■ **Work to complete**
One number, and no other words, should make up the answer: how many lines of the listing contain the string "Hotel".

■ **Data extracts**
**********
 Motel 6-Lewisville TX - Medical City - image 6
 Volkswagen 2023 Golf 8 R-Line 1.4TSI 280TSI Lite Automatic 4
**********
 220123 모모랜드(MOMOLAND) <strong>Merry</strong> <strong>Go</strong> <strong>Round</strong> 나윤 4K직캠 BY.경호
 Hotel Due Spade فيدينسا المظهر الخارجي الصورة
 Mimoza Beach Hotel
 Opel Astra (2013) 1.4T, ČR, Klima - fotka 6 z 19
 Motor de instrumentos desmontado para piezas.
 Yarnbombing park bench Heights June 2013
**********
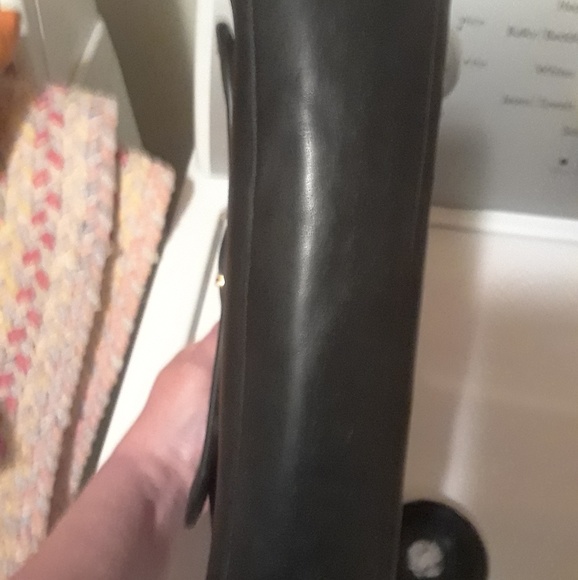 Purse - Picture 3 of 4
**********
■ **Result**
2